I have rarely cared about fitting in, to be honest. But often, I desire for belongingness — to have a set of friends I could always be vulnerable with, whom I could depend on, and who I could also extend help to. I hope the Lord allows me to tap into my existing circles and enrich my relationship with them.

I am team belonging. I will always be. Rejection can always happen. Ot can be painful but I have a God to whom I belong. That’s what matters.

I agree rejection is most painful. I believe one way to overcome it is by accepting yourself and not try to fit in with others or keep up with the “ Joneses “. Unto yourself be true.

I have often not really bothered if people do not like me, thinking I am being me, true to myself only to realize that I am not accepted by these groups.
Now I wonder if I must change myself so I will be accepted ?
I want to be in His image. I want to belong to God. Is it different

For most part of my life, I have struggled with fitting in so that I can be accepted. This is always an arduous task which at end of the day is rather frustrating. I live by myself and I have managed to be true to what I really wanted but this also has its own shadows. There is a natural desire now to belong to people who matter to me and vice-versa.

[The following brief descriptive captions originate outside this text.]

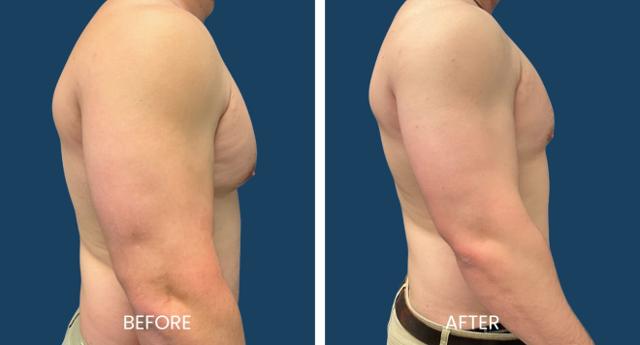Gynecomastia Surgery result at Plano Plastic Surgery — MedSpa in Plano, TX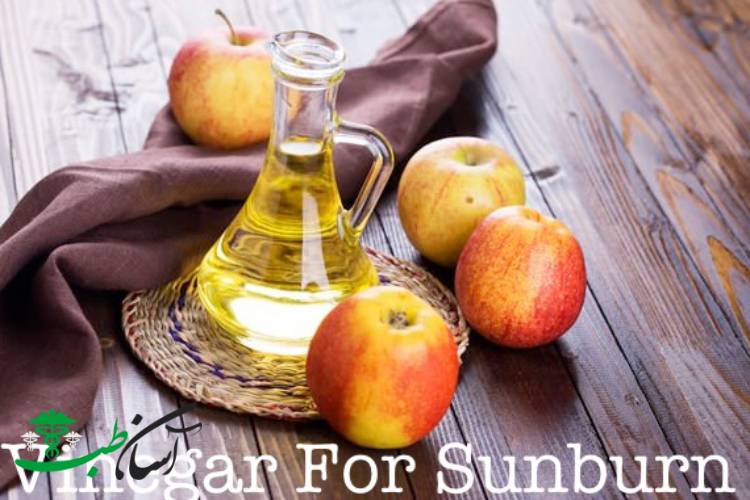 درمان آفتاب سوختگی در طب سنتی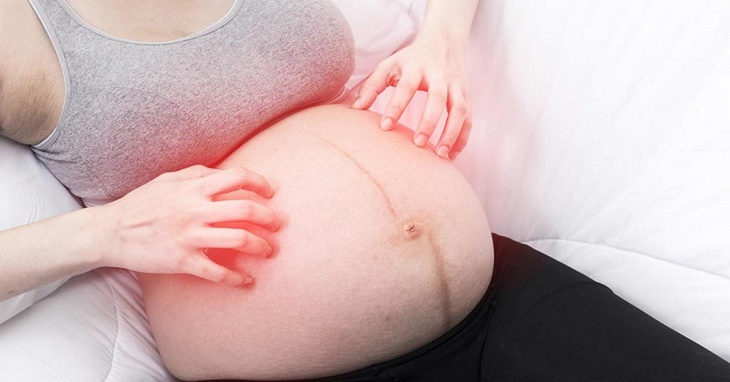 Ngứa bụng khi mang thai nên làm gì cho đúng?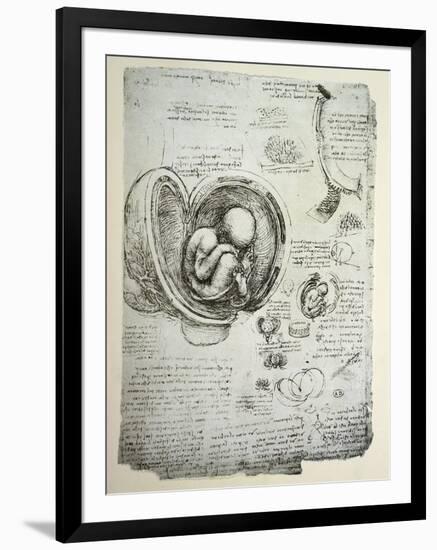 The Human Foetus in the Womb, Facsimile Copy-Leonardo da Vinci-Framed Giclee Print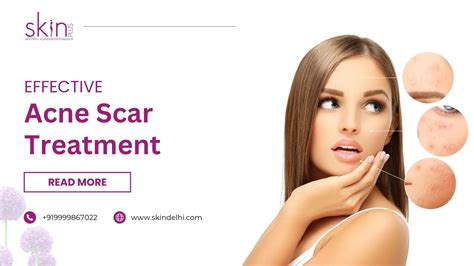Effective Acne Scar Treatment Options Skin Plus Clinic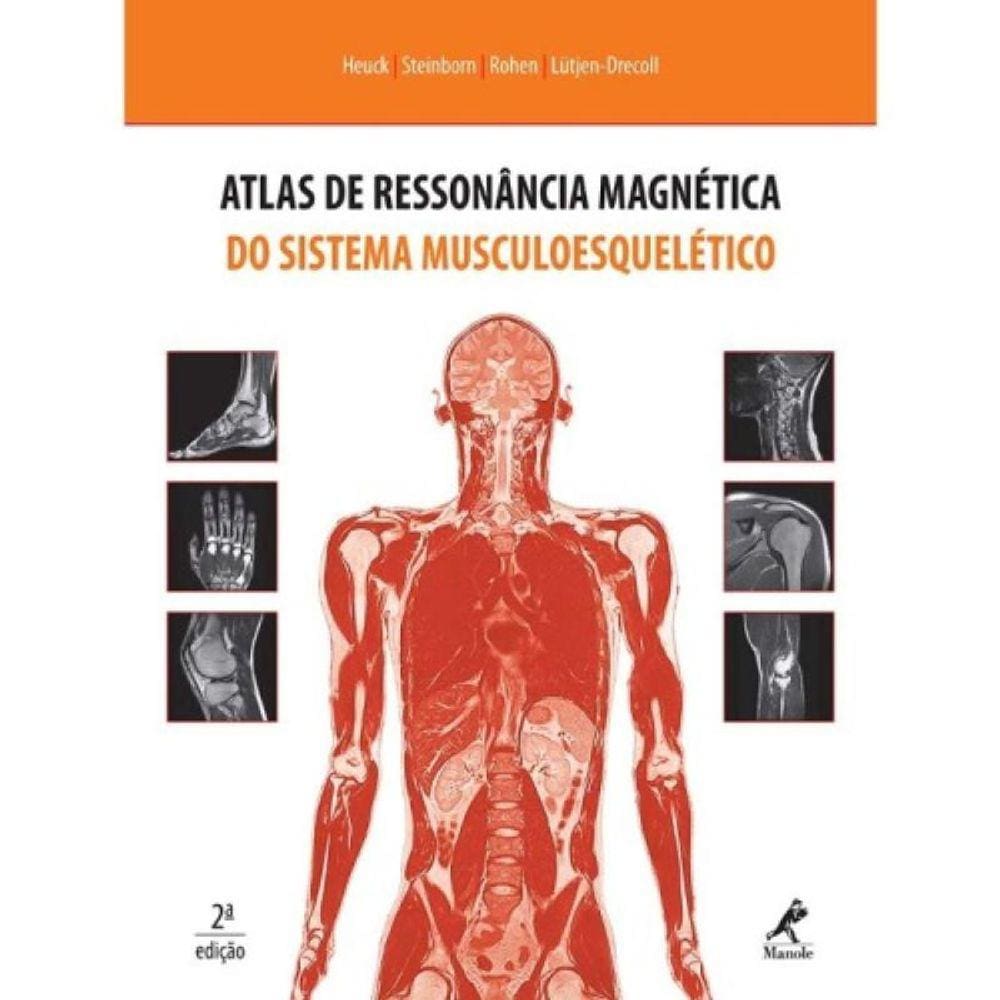 Atlas De Ressonância Magnética Do Sistema Musculoesquelético
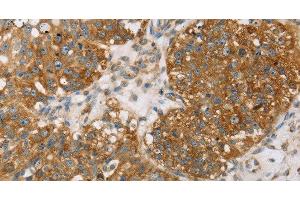 Immunohistochemistry of paraffin-embedded Human breast cancer using TPD54 Polyclonal Antibody at dilution of 1:35 (TPD52L2 anticorps)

guilty of social envy which causes a desire to fit in instead of belonging. I should turn my focus on belongingness not with peers, or social icons or media but in the Lord

What matters most to me now is spending most of my time to people who matter to me – my family and very few genuine friends.

I was recently rejected at the parish I belong to. Thank you for the insight that belonging to the Father is what matters.

If we try to see the bad things in one another, we are planting the seed of rejection. But if we try to see the good things in one another, we are accepting each other, rejection will have no place.